[Opening LISTED RECORDS section]

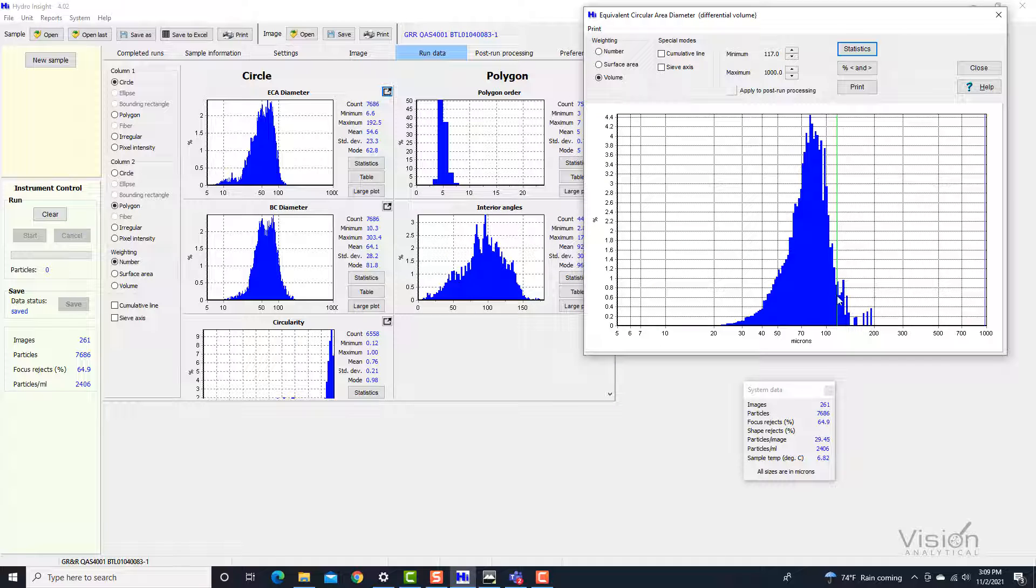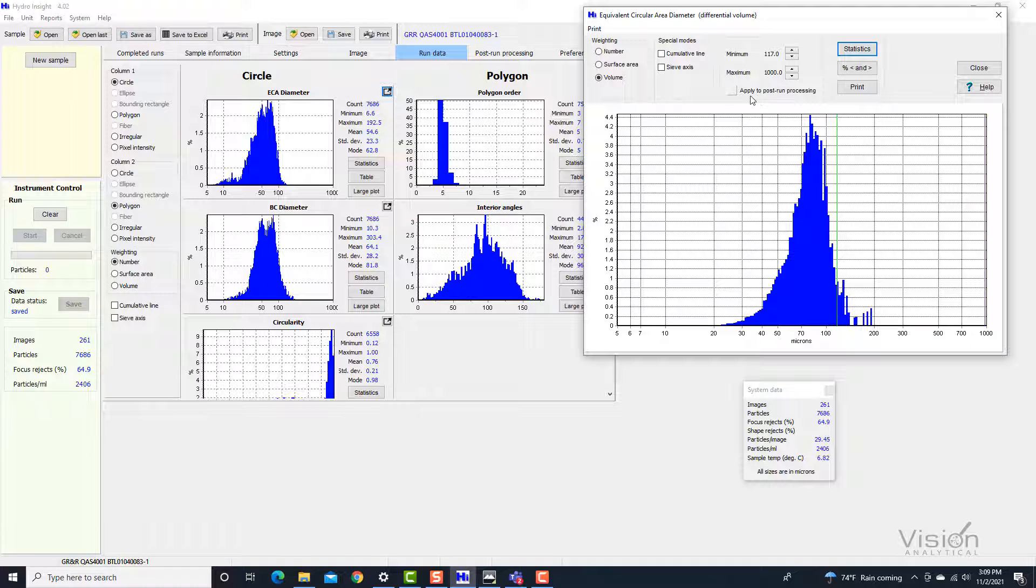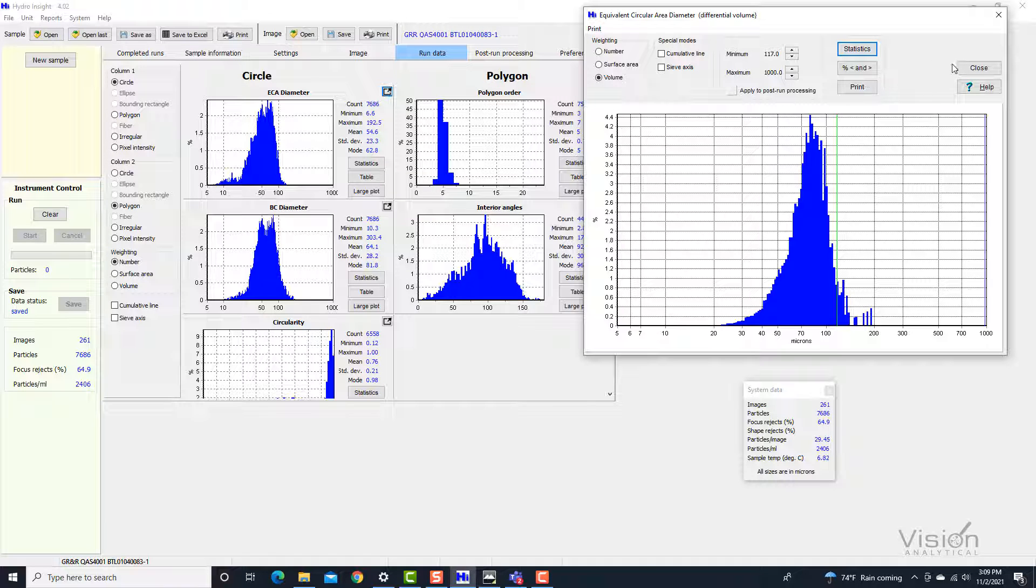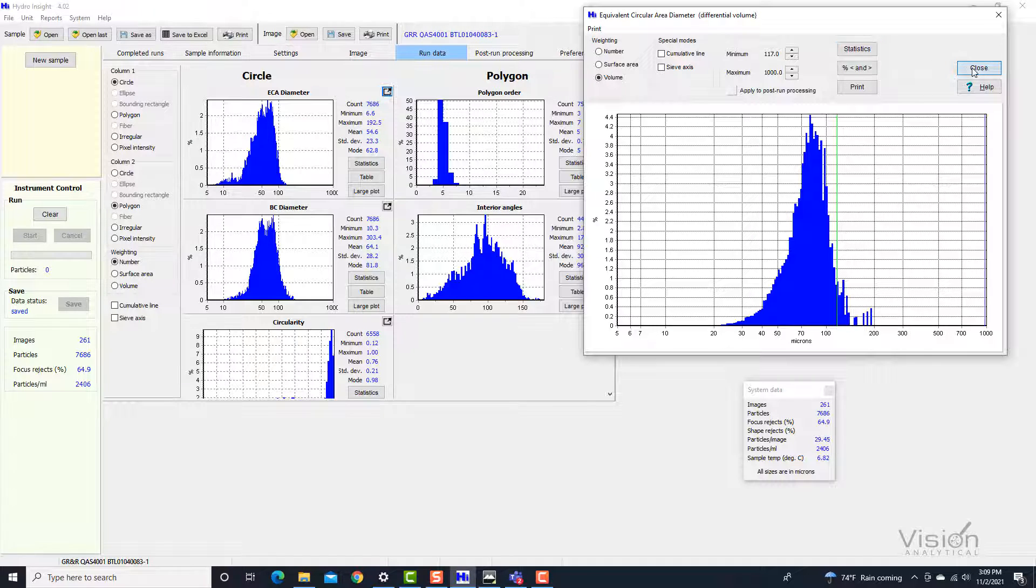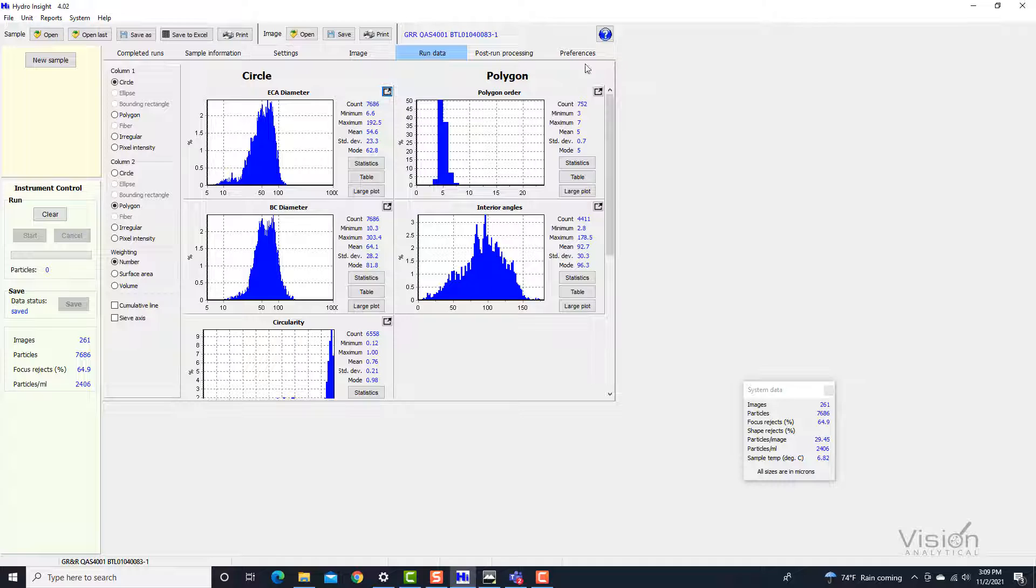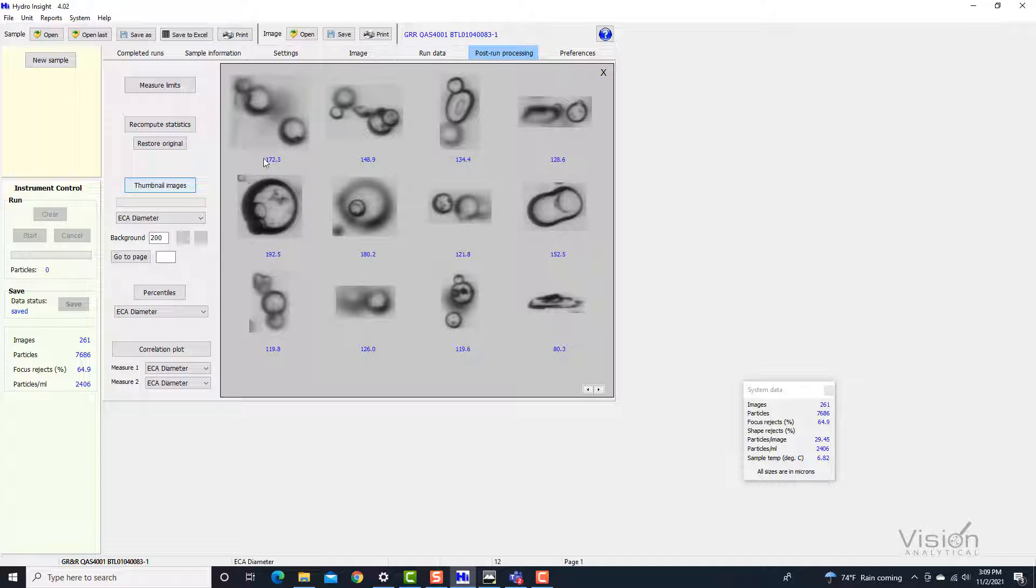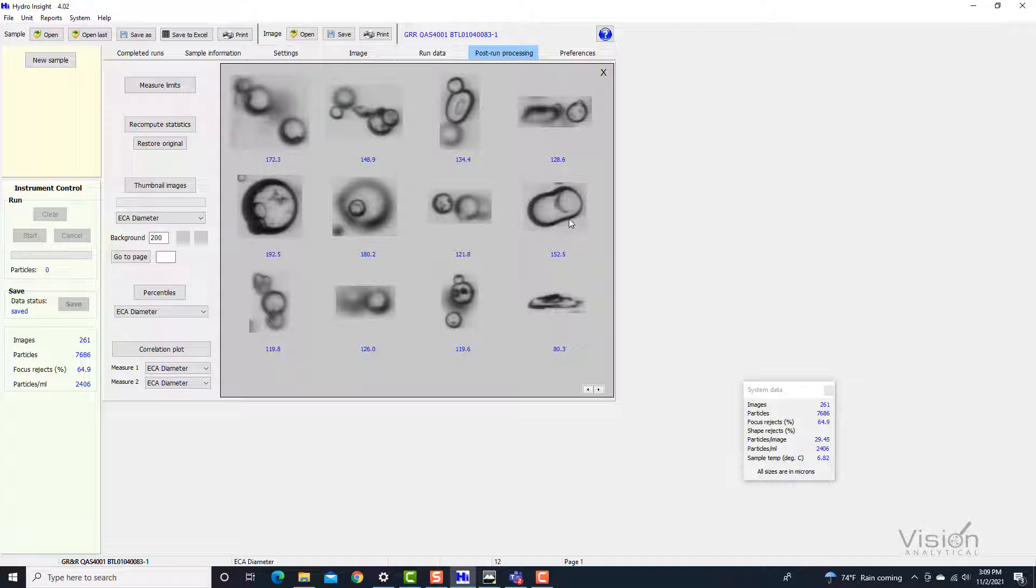But they were there. And if we actually want to see what those particles are, we can actually do that. We can close this and go to post-run processing and look at the actual thumbnails. We'll see that some of the larger particles that were captured, in some cases, were definitely there. That's a real particle. That's a real particle. About 152 microns.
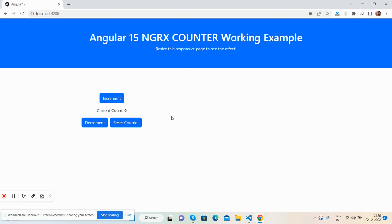And here I have done one counter example with NgRx to share the data between components and manage state. First you can see three buttons and one text - see increment, decrement, and reset counter. You can see the current count is equal to zero. First I will increment.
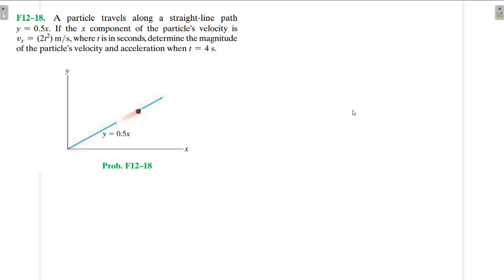Hello, I welcome you all to this another interesting screencast. We are going to be solving this engineering mechanics problem. It reads: the particle travels along a straight line path y = 0.5x, with the x component of the particle's velocity v_x = 2t² where t is in seconds. Determine the magnitude of the particle's velocity and the acceleration when t = 4 seconds.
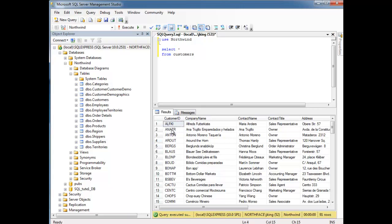But generally we use integers, and then every time we get a new row, we just increment it by one. I'll show you how to do all that later in a different video. Okay, so this is the customers table.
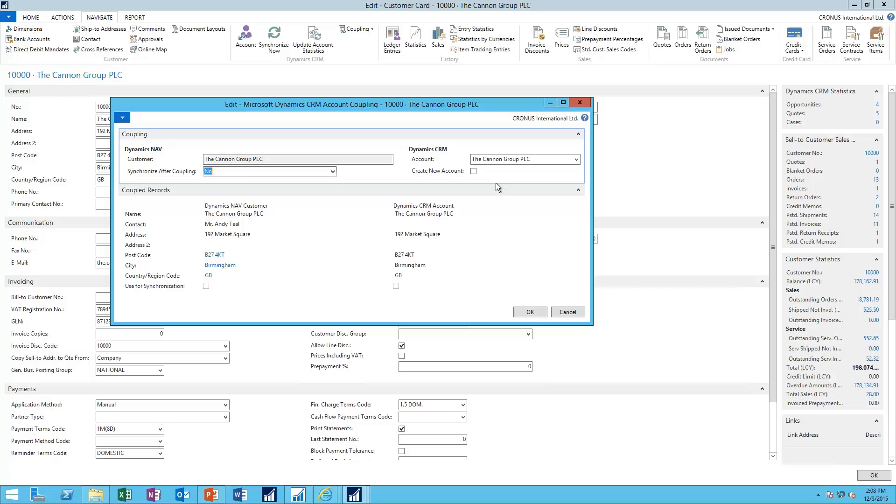Now, of course, I'm focused on the account record here, but contacts have the same concept, items, and so on. It has the same coupling concept.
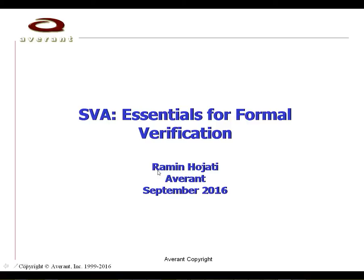Hello, my name is Ramin Hujati and I will be giving an introduction to SystemVerilog assertions, the essentials of it from a formal verification perspective.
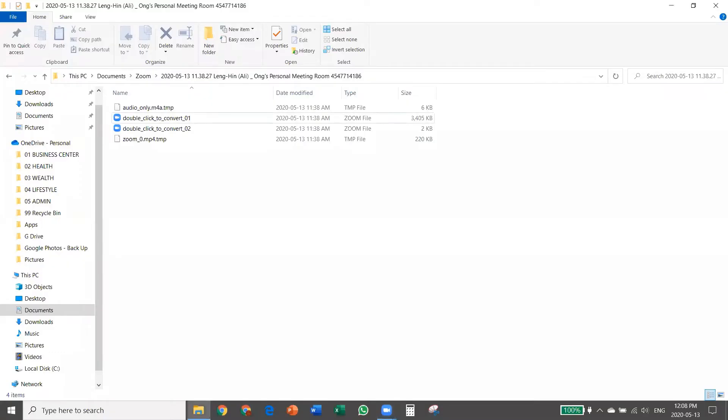Hi everyone. It's a big horror when I recorded a Zoom session. After one hour happily, I ended the session and it turns out the video wasn't converted into a video file. To me, it's a big shock. When I see this 'double click to convert,' which previously you could actually convert just by double clicking it, but somehow after the update, Zoom just failed to convert this automatically and I was in big shock.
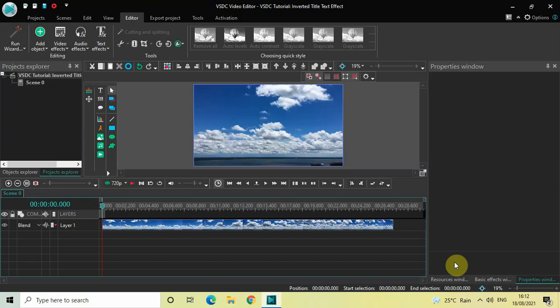Hey guys welcome back to Next Gen Blogger and in this video I want to show you how you can create an inverted title text effect in VSDC free video editor. It's actually super easy to create an inverted title text effect in VSDC so without further delay let's get started and see how you can do this.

[Closing LISTED RECORDS section]

TRY IT → What you return should be only the exact lines from the top of the entries through the line with "Hello, my name", minus the pictures.

THE ANSWER →
But they were there. And if we actually want to see what those particles are, we can actually do that. We can close this and go to post-run processing and look at the actual thumbnails. We'll see that some of the larger particles that were captured, in some cases, were definitely there. That's a real particle. That's a real particle. About 152 microns.
And here I have done one counter example with NgRx to share the data between components and manage state. First you can see three buttons and one text - see increment, decrement, and reset counter. You can see the current count is equal to zero. First I will increment.
Hello, I welcome you all to this another interesting screencast. We are going to be solving this engineering mechanics problem. It reads: the particle travels along a straight line path y = 0.5x, with the x component of the particle's velocity v_x = 2t² where t is in seconds. Determine the magnitude of the particle's velocity and the acceleration when t = 4 seconds.
But generally we use integers, and then every time we get a new row, we just increment it by one. I'll show you how to do all that later in a different video. Okay, so this is the customers table.
Now, of course, I'm focused on the account record here, but contacts have the same concept, items, and so on. It has the same coupling concept.
Hello, my name is Ramin Hujati and I will be giving an introduction to SystemVerilog assertions, the essentials of it from a formal verification perspective.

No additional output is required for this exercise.